ASSIGNMENT:
Beginning with the line that contains "Once Dragon has" and ending with the line that contains "India is our", reproduce the lines of the entries below exactly, omitting pictures.

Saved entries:

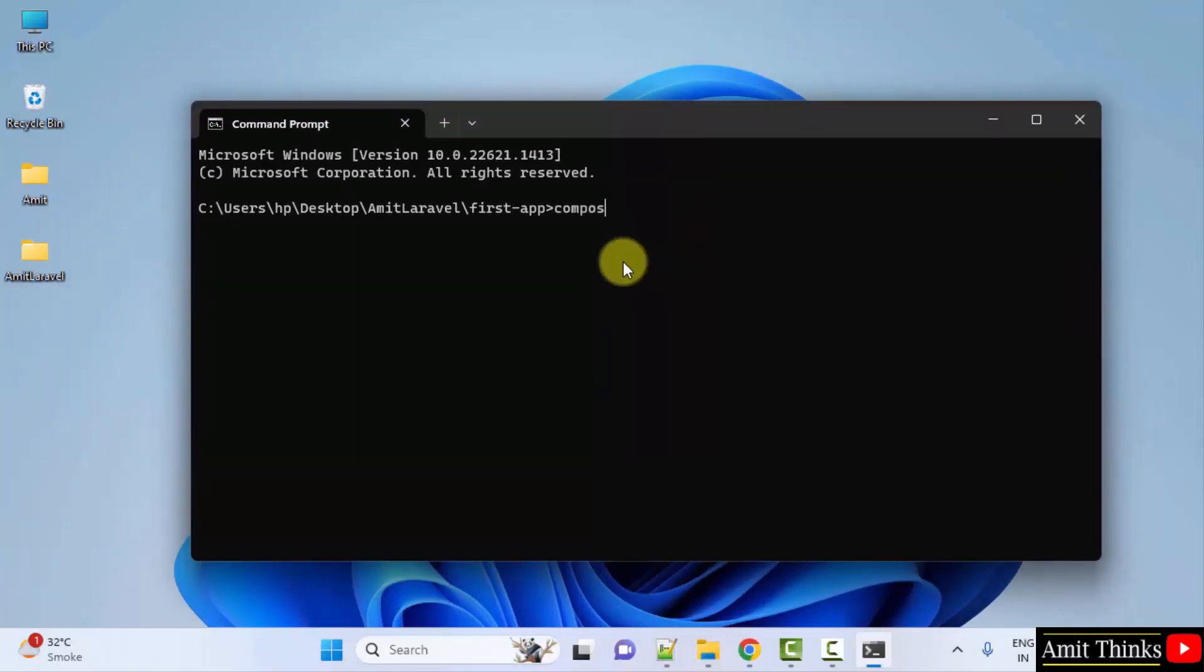Now type: composer global require, to install Laravel globally. Laravel slash installer command and press Enter.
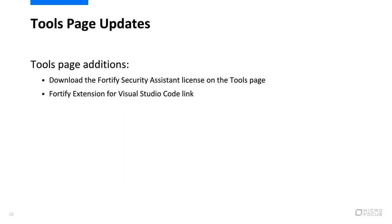Finally, the following updates have been made to the Tools page. Users can now download the Fortify Security Assistant license on the Tools page. Your tenant must have previously been issued a Security Assistant license. The Tools page now provides a link to the Fortify Extension for Visual Studio Code Marketplace page.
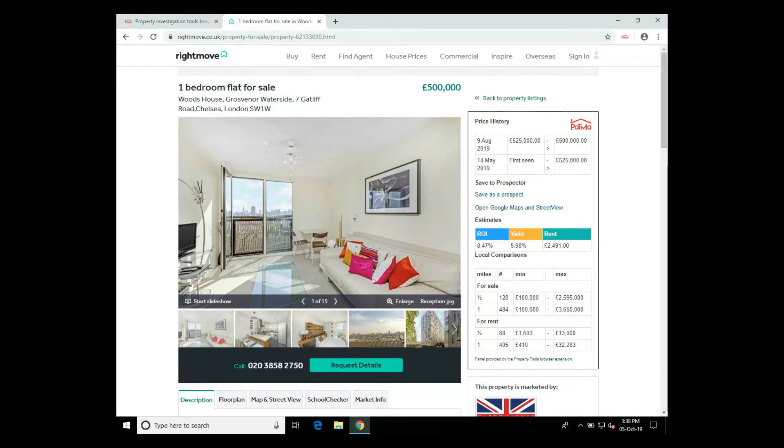To install the Patma property tools browser extension for yourself, please use the link in the description below. Bye-bye.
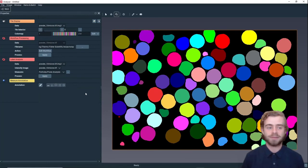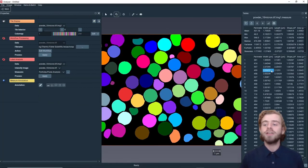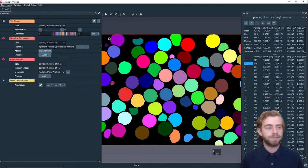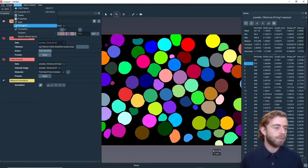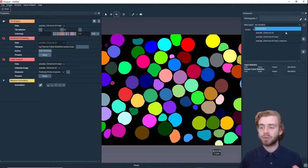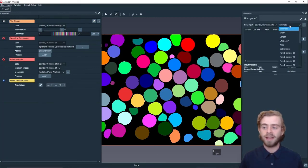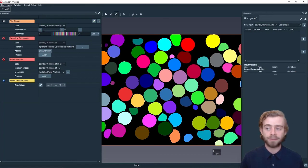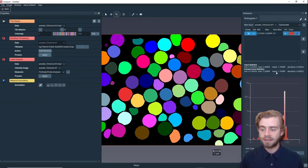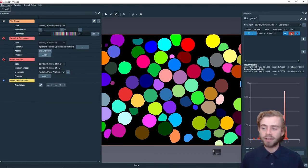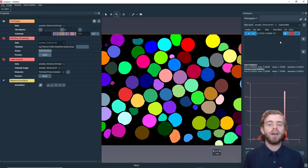Now that we have these individual labels, let's create a histogram of all the particles' equivalent diameters. To do that we're going to use the Label Analysis module, keep the measures the same, and click Apply. We've now calculated statistics for all the different particles in this image. To create the histogram we go to Window > Histogram, select the source as this 10 micron dot measure, select Equivalent Diameter as the input, and click Plus. It automatically created a histogram, and you can change the color, whether it's filled, and other options very easily.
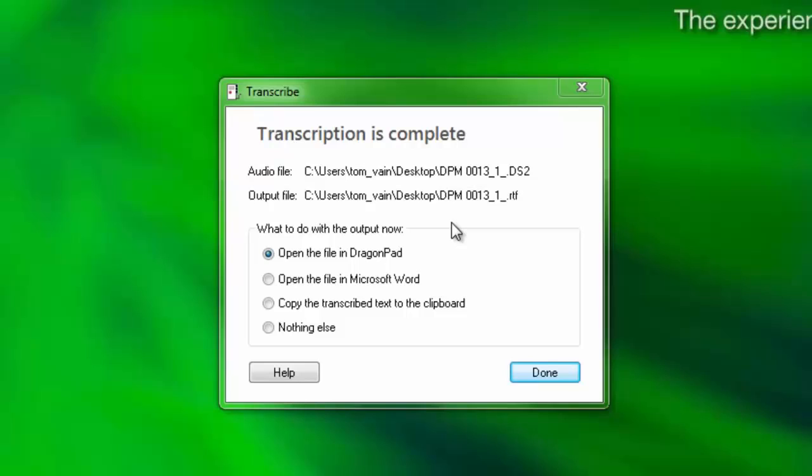Once Dragon has completed the transcription, you will be provided with a notification that the transcription is complete. Choose what to do with the output and then click Done.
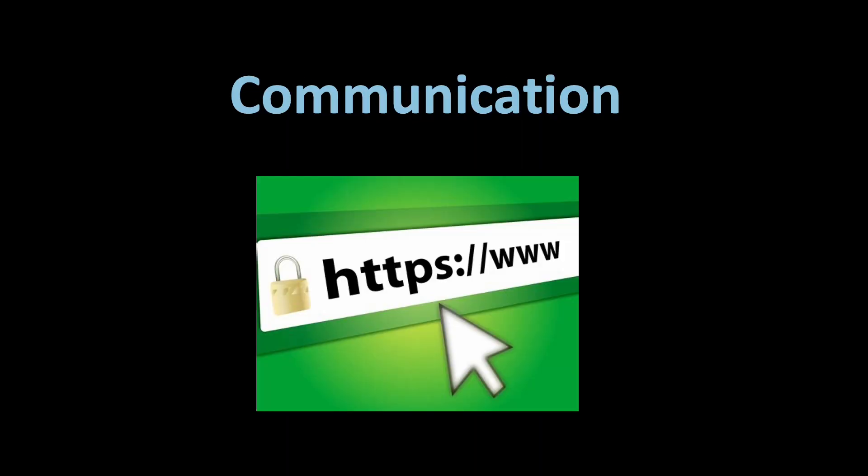When it comes to secure coding, communication is key. Implementing secure communication protocols like HTTPS ensures that data transmitted over networks remains encrypted and protected from eavesdropping or tampering. This is especially important when dealing with sensitive information.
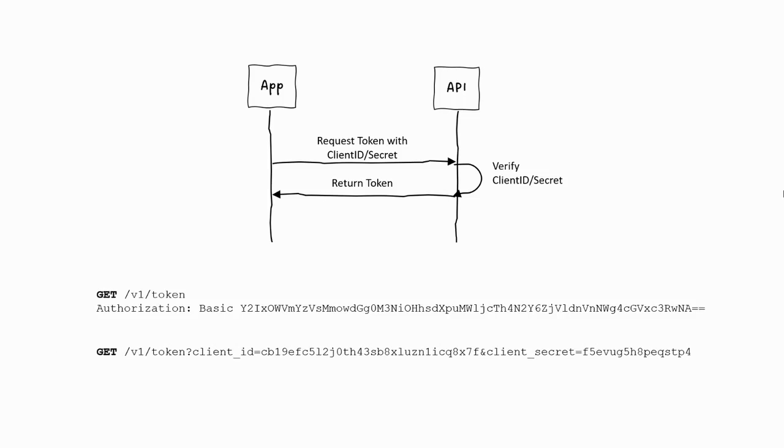I've also seen it sent on the query parameters where it's just in the clear. This is just a really bad thing to do because your client ID and secret are now being logged possibly along the way. It's something that people can see. It's really not a good thing to do.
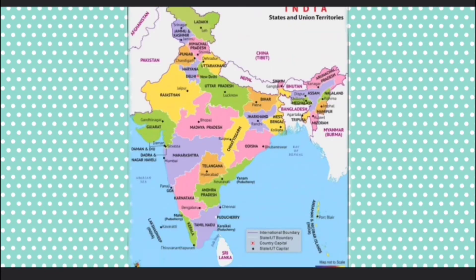India is our motherland. We are all Indians. Let us feel proud that we are Indians.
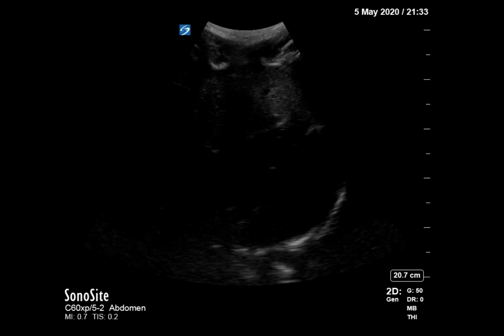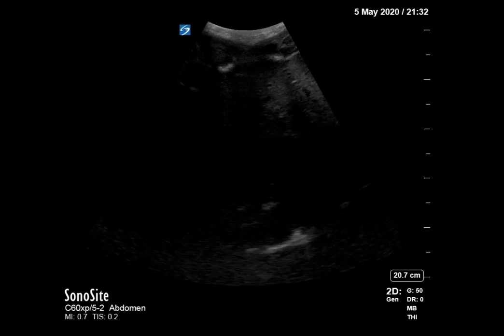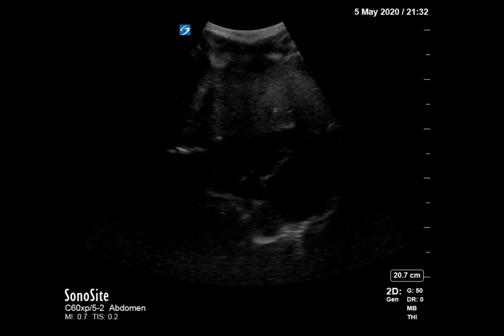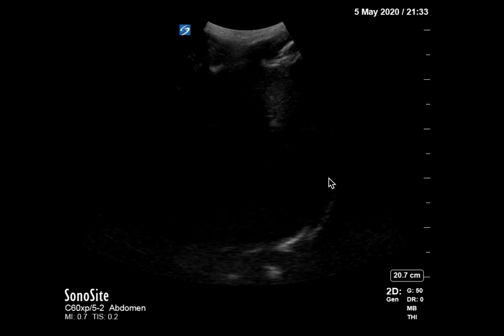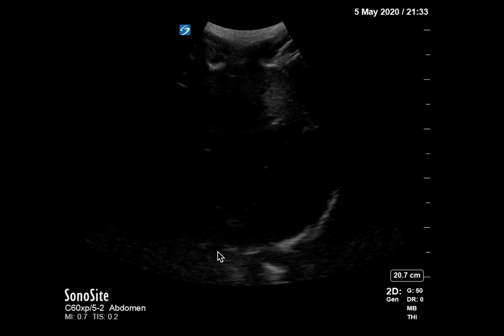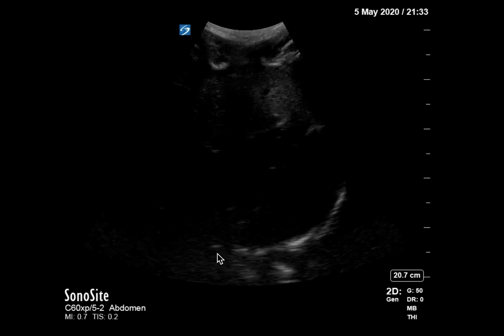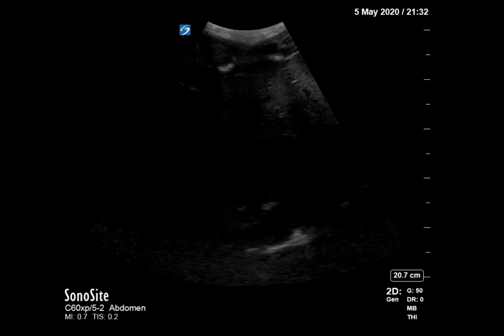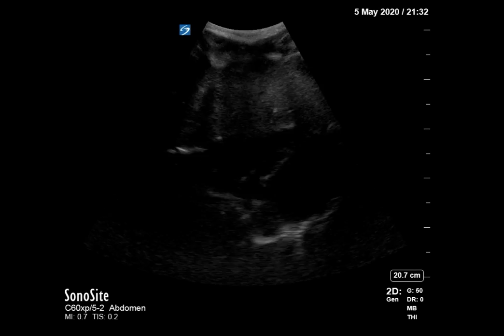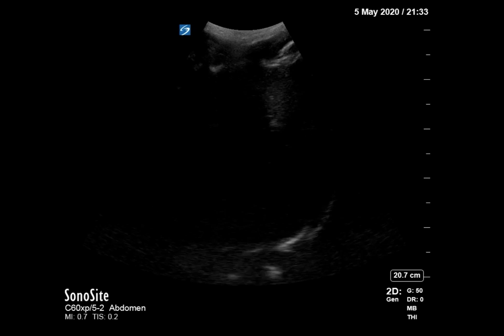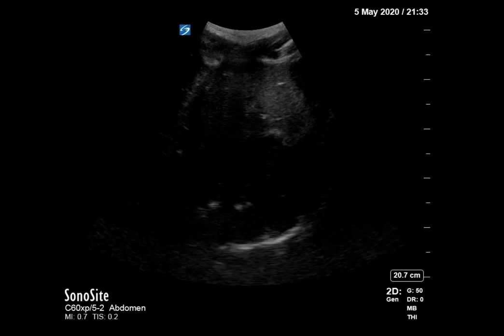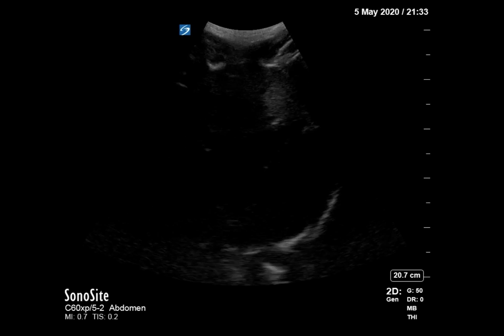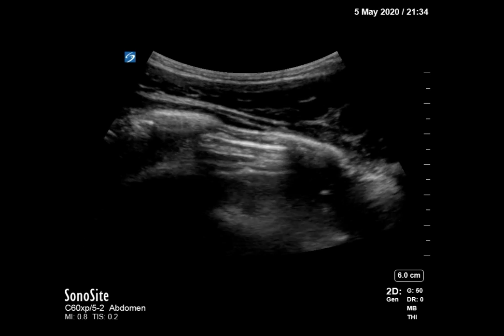We also took a quick view of the patient's heart. In the subxiphoid view here, you can make out the pericardium and there is no pericardial effusion. We got a pelvic view that is not included here, but that was also negative for free fluid.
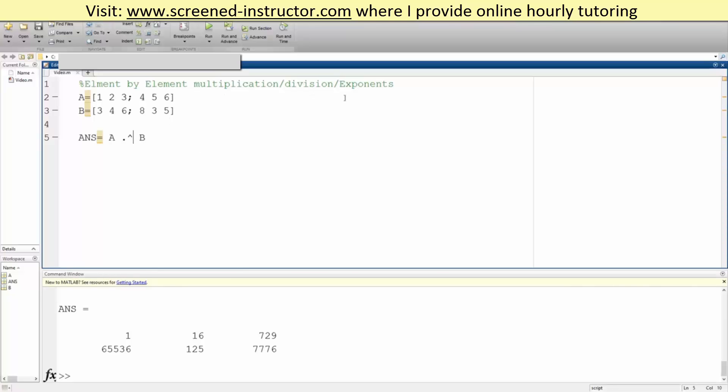The main takeaway is that you need to have a dot and then your symbol - so multiplication, division, and exponents.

ANSWER BOX:
Once Dragon has completed the transcription, you will be provided with a notification that the transcription is complete. Choose what to do with the output and then click Done.
When it comes to secure coding, communication is key. Implementing secure communication protocols like HTTPS ensures that data transmitted over networks remains encrypted and protected from eavesdropping or tampering. This is especially important when dealing with sensitive information.
I've also seen it sent on the query parameters where it's just in the clear. This is just a really bad thing to do because your client ID and secret are now being logged possibly along the way. It's something that people can see. It's really not a good thing to do.
India is our motherland. We are all Indians. Let us feel proud that we are Indians.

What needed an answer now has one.